Recipes

3 Easy Min Jiang Kueh Recipes Including Matcha And Cheesy Scallion Pancakes


IG-worthy Min Jiang Kueh recipes


Talk about IG-worthy min jiang kueh and now Gen-Zs and their grandparents have a common topic. While min jiang kueh is traditionally prepared on special griddles, here are 3 easy min jiang kueh recipes you can make at home with regular kitchen appliances and pantry ingredients.


1. Cheesy Scallion MJK


Legend has it that Marco Polo adapted the pizza from scallion pancakes. Having the same cravings for scallion pancakes as him, we have adapted its nuances into a Cheesy Scallion Min Jiang Kueh.

Start by adding baking soda, instant yeast, sugar, plain flour, scallions, and one egg, into a big bowl. Add lukewarm water to activate the yeast for the dough to rise into a QQ texture. Whisk the mixture until it’s well combined and runny. Set the mixture aside for 30 minutes and remember to cover it!

Lightly oil your pan on medium heat. Ensure your pan is hot before pouring the batter in. This ensures that the batter does not get stuck to the pan.

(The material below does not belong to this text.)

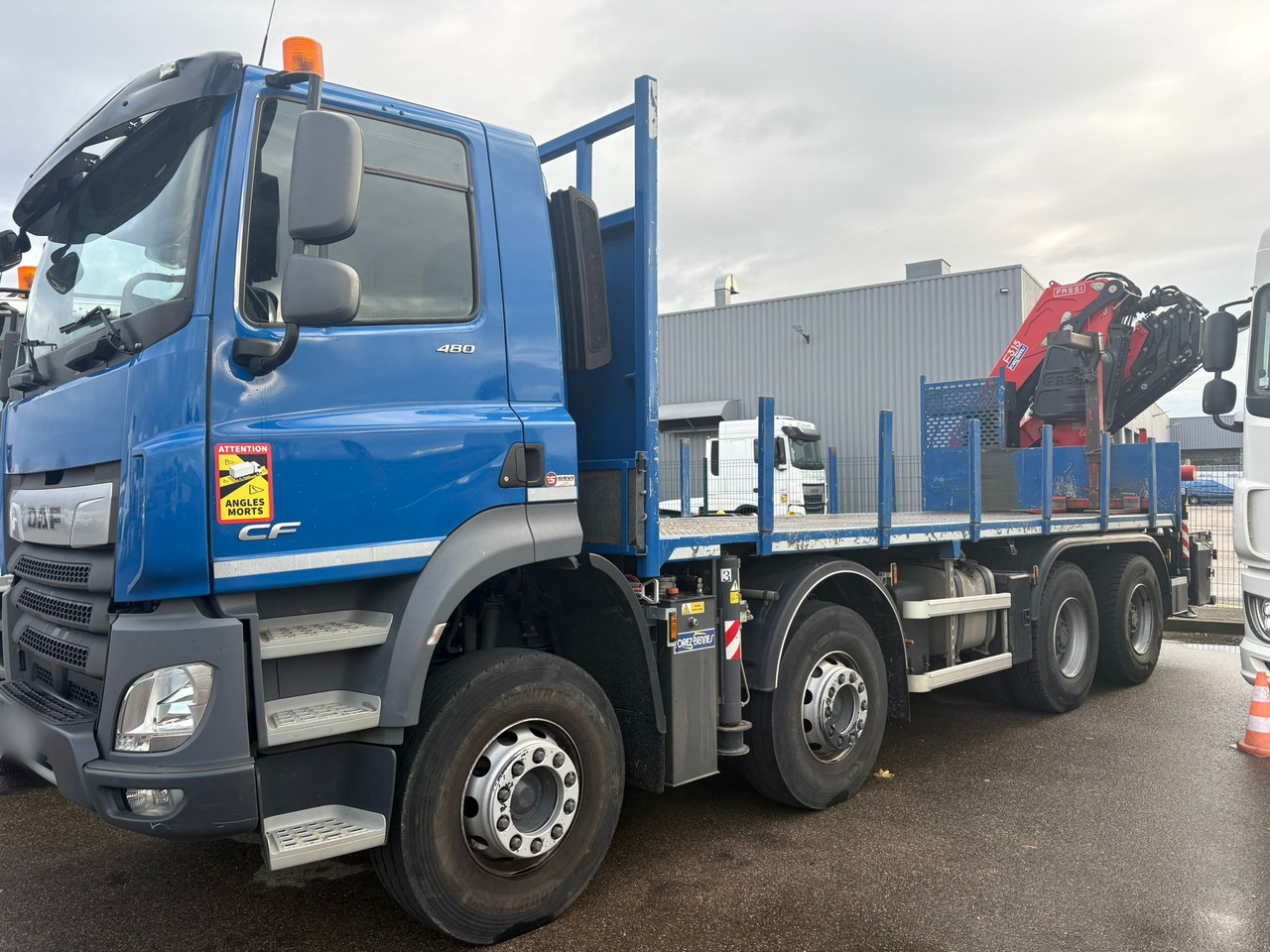 DAF CF 480 8x4 E6 / Fassi F315A.2.26 crane / flatbedCF 480 8x4 E6 / Fassi F315A.2.26 crane / flatbed - Vrachtwagen met open laadbak, Kraanwagen: afbeelding 3 DAF CF 480 8x4 E6 / Fassi F315A.2.26 crane / flatbedCF 480 8x4 E6 / Fassi F315A.2.26 crane / flatbed - Vrachtwagen met open laadbak, Kraanwagen: afbeelding 3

Use the bottom of a ladle and evenly coat the walls of your pan with your min jiang kueh batter. This thin layer will give your ming jiang kueh the iconic ASMR crust later.

When the entire pan of batter is dotted with holes, it means that the min jiang kueh is almost ready. Crack two eggs on one side of the min jiang kueh and add mozzarella cheese plus scallions on the other half. This will give you an even distribution of ingredients when you fold them over.

Cover your pan with a lid and let the min jiang kueh simmer on low heat. Your min jiang kueh is ready when the egg whites are cooked.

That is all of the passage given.